# Hydrolics experts



## bluovlby (Oct 27, 2011)

Hi. I am new to the forum and looking to build a couple half scale tractors for use around my place. I want to start with a small version of a Ford powermaster row crop. I have a super mini Kubota engine that would work great, but my knowlege of Hydrolics is not the greatest. Anyone know much about Hydrolics who would be willing to give me advice?

Thanks a bunch
Casey


----------



## Thomas (Nov 1, 2006)

Welcome Casey.
Thats one heck of project "half scale",but if you do search you'll find some great advice etc. on such project.


----------



## jhngardner367 (Apr 5, 2011)

The basic rule of hydraulics is: pressure(psi)= torque,and flow(gpm)= speed. The other is that you can't compress a liquid. Hydro units can be tricky to set up,and if done wrong DANGEROUS,due to high fluid pressures.
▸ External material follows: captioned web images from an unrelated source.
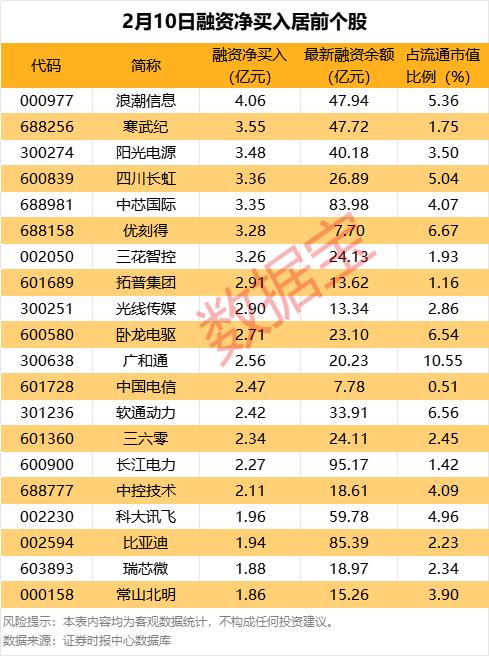 加杠杆买股票赚了的钱怎么算_杠杆买入的股票是利好还是利空_股票怎么加杠杆买入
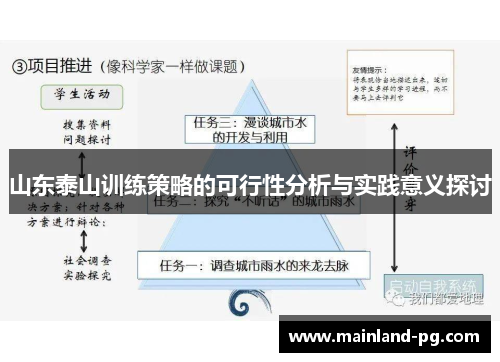 山东泰山训练策略的可行性分析与实践意义探讨 山东泰山训练策略的可行性分析与实践意义探讨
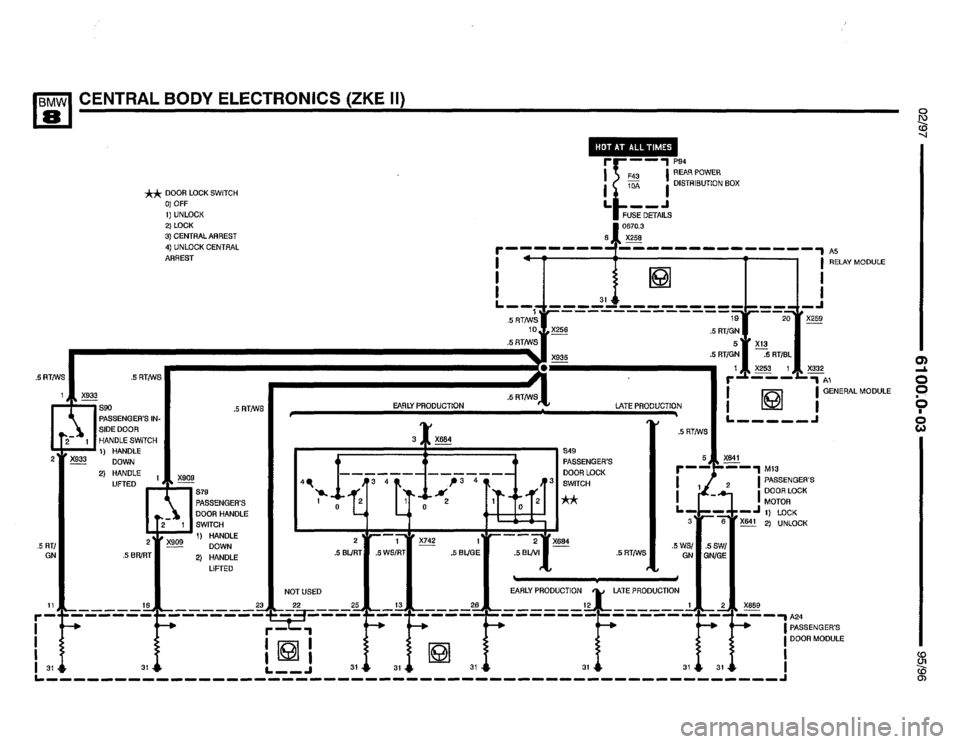 BMW 850ci 1995 E31 Electrical Troubleshooting Manual BMW 850ci 1995 E31 Electrical Troubleshooting Manual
I think you should talk to a local person/business,that works on/supplies hydraulic pumps,motors,and fittings.They are usually ready to help with questions.


----------



## Cublover (Feb 20, 2011)

bluovlby said:


> Hi. I am new to the forum and looking to build a couple half scale tractors for use around my place. I want to start with a small version of a Ford powermaster row crop. I have a super mini Kubota engine that would work great, but my knowlege of Hydrolics is not the greatest. Anyone know much about Hydrolics who would be willing to give me advice?
> 
> Thanks a bunch
> Casey


I have an old Husky lawn tractor that has the same pump as my brothers DUMP truck. It looks like a power steering pump. On my Husky, it works the deck. On my bro's truck, it runs the bed, the plow and the salt spreader.
My friend had the same pump on his tow truck. It ran the hydraulic boom, the wheel lift and the winch.
ALL are belt driven. 
I bought the Husky for $50. Had all I needed to modify what came next.
The engine was blown, but all valves, The pump, cylenders and hoses came with it.


----------